At this point, instead of routing being done by the aggregate root services locating and querying data from DB shards on huge vertically-scaled servers, each set only pulls data from their dedicated DB. A routing facade is placed in front of the set of sets that sends requests from consumers to the one holding the desired data.
With this architecture, the complexity of sharding and vertically scaling at the DB layer, and handling connection oversubscription with a query router like PGbouncer, just falls away.
I would keep these sets, and their DBs, rather small to also reap the benefits of small datasets.

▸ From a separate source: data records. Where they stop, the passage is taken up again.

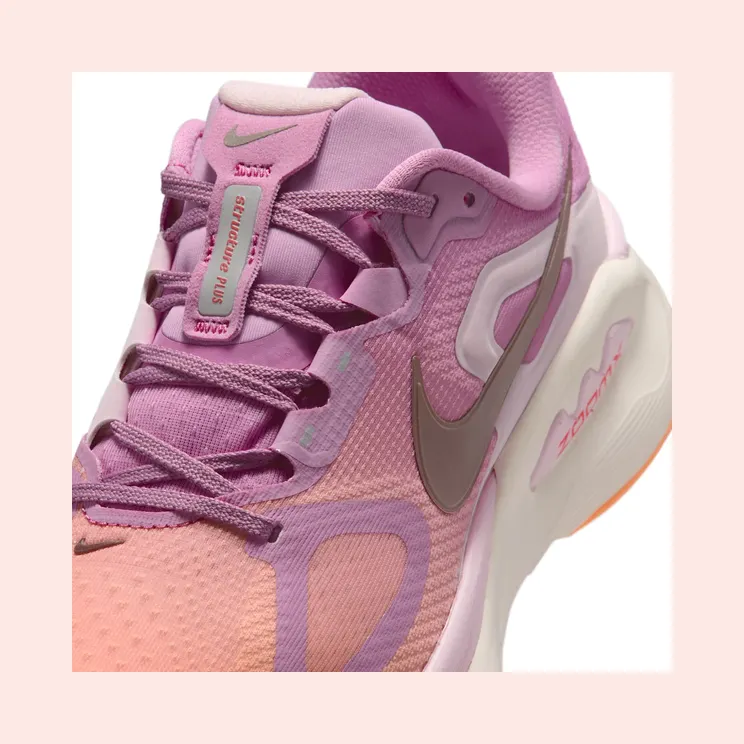 nike-structure HQ3049-503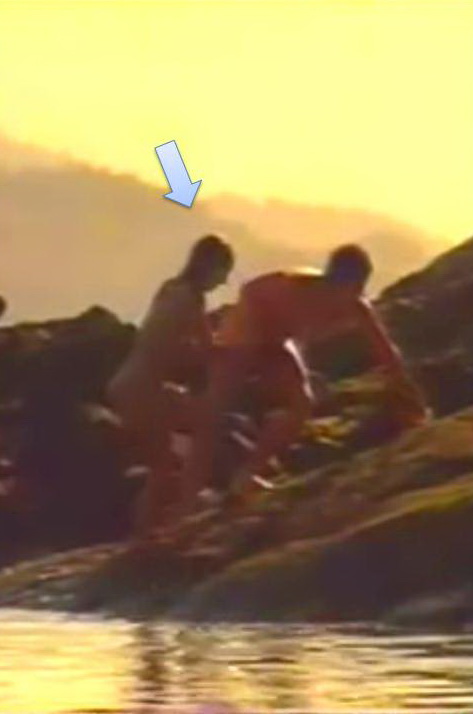 Адриана Эстевес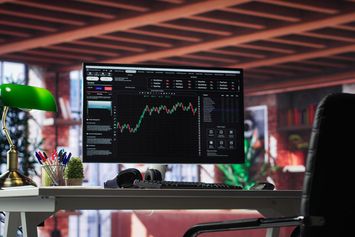 Faktor Penting Pembentuk Pasar Modal di Indonesia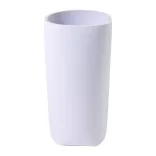 AP716992-Racitor-din-RPET-model-standard-PrintCan-XL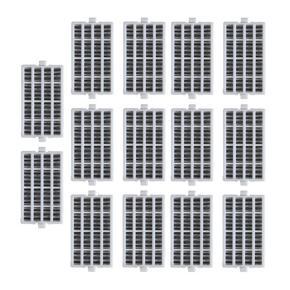 Air Filter for Whirlpool W10311524 Refrigerator Fresh Flow Air Filter Hot Selling Parts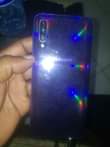 A picture of Samsung A30s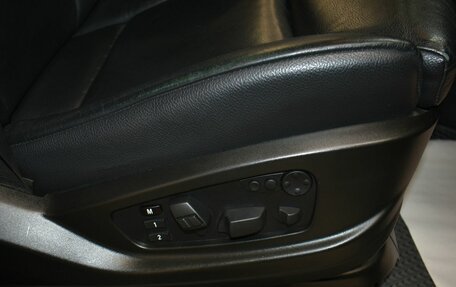 BMW X5, 2013 год, 1 899 000 рублей, 19 фотография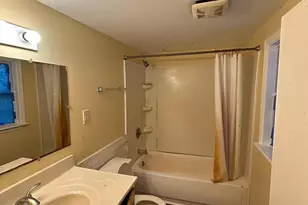 943 Cayots Corner Rd, Chesapeake City, MD 21915 - Photo 12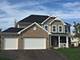 25431 W Rock, Plainfield, IL 60586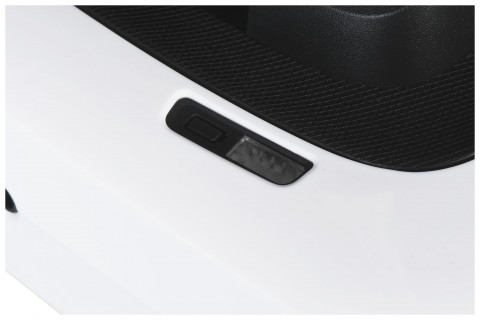 Szczotka elektryczna KARCHER KB 5 - 1.258-050.0 - Galeria zdjęcie 8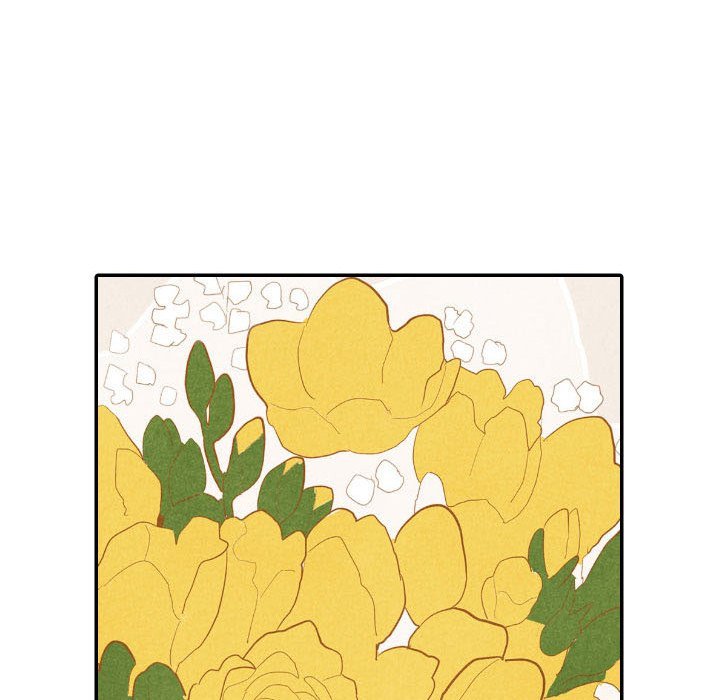 I Pray Manhwa - Chapter 19 Page 35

One of the biggest issues we had with huge DBs is the time it takes to do anything; as an example, restarting replication in a failed chain could take many hours because of the huge amount of data, and any hiccups in connectivity would quickly overrun our capability to "catch" replication up and we'd have to fall back to zfs-send to resnap.
A larger number of smaller DBs would not improve the total time needed to do something like backups or DDL mutations, but it would significantly reduce the time for any particular instance which reduces overall risk and blast radius of a DB failure.
Another thing I think small DBs can help with is data locality, DB automation, and possibly making the instances effectively ephemeral. When your dataset is small, bringing an instance up from a hot backup can take on the order of a few seconds, and could allow you to schedule the root services and their DB on the same host.
For geographical distribution, the routing facade can also send writes to the set serving that shard in some other region.